- _What is needed_
Produce an exact copy of all the data below, dropping every image.
------ Data to process ------
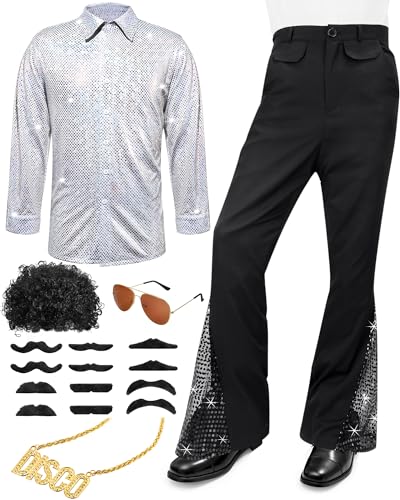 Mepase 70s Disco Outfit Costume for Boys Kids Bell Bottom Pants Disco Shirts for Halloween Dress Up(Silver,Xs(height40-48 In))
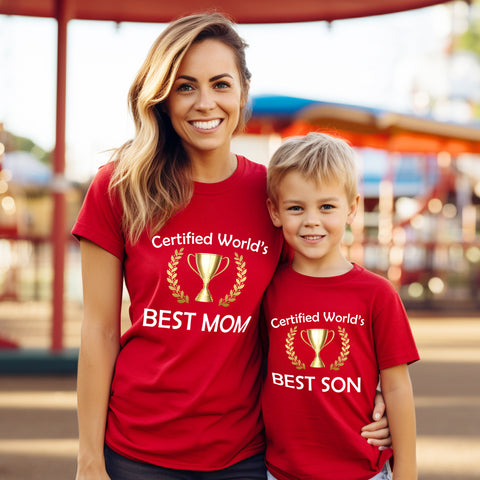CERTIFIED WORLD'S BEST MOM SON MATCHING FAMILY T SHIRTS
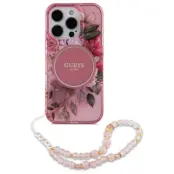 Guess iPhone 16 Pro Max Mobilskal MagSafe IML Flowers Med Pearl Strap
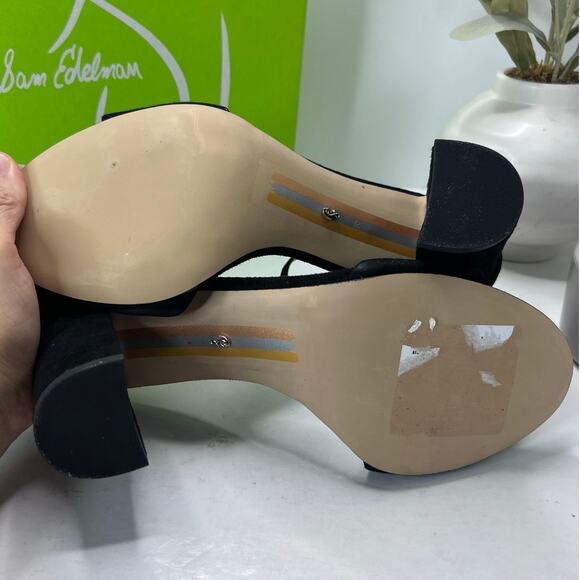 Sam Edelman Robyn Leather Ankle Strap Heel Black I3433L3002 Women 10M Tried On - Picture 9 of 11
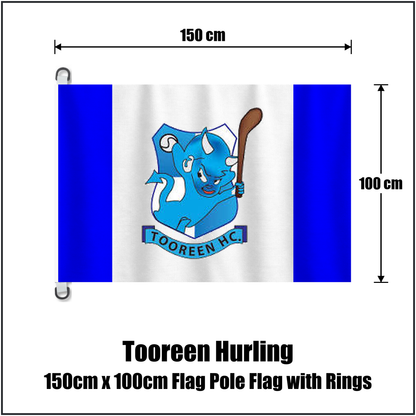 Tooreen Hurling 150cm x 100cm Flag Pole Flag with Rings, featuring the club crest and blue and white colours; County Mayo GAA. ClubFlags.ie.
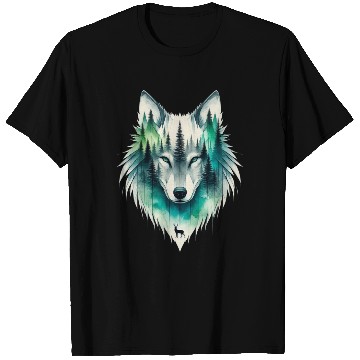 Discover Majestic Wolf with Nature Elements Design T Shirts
------
- _Result_
 Mepase 70s Disco Outfit Costume for Boys Kids Bell Bottom Pants Disco Shirts for Halloween Dress Up(Silver,Xs(height40-48 In))
CERTIFIED WORLD'S BEST MOM SON MATCHING FAMILY T SHIRTS
 Guess iPhone 16 Pro Max Mobilskal MagSafe IML Flowers Med Pearl Strap
 Sam Edelman Robyn Leather Ankle Strap Heel Black I3433L3002 Women 10M Tried On - Picture 9 of 11
 Tooreen Hurling 150cm x 100cm Flag Pole Flag with Rings, featuring the club crest and blue and white colours; County Mayo GAA. ClubFlags.ie.
 Discover Majestic Wolf with Nature Elements Design T Shirts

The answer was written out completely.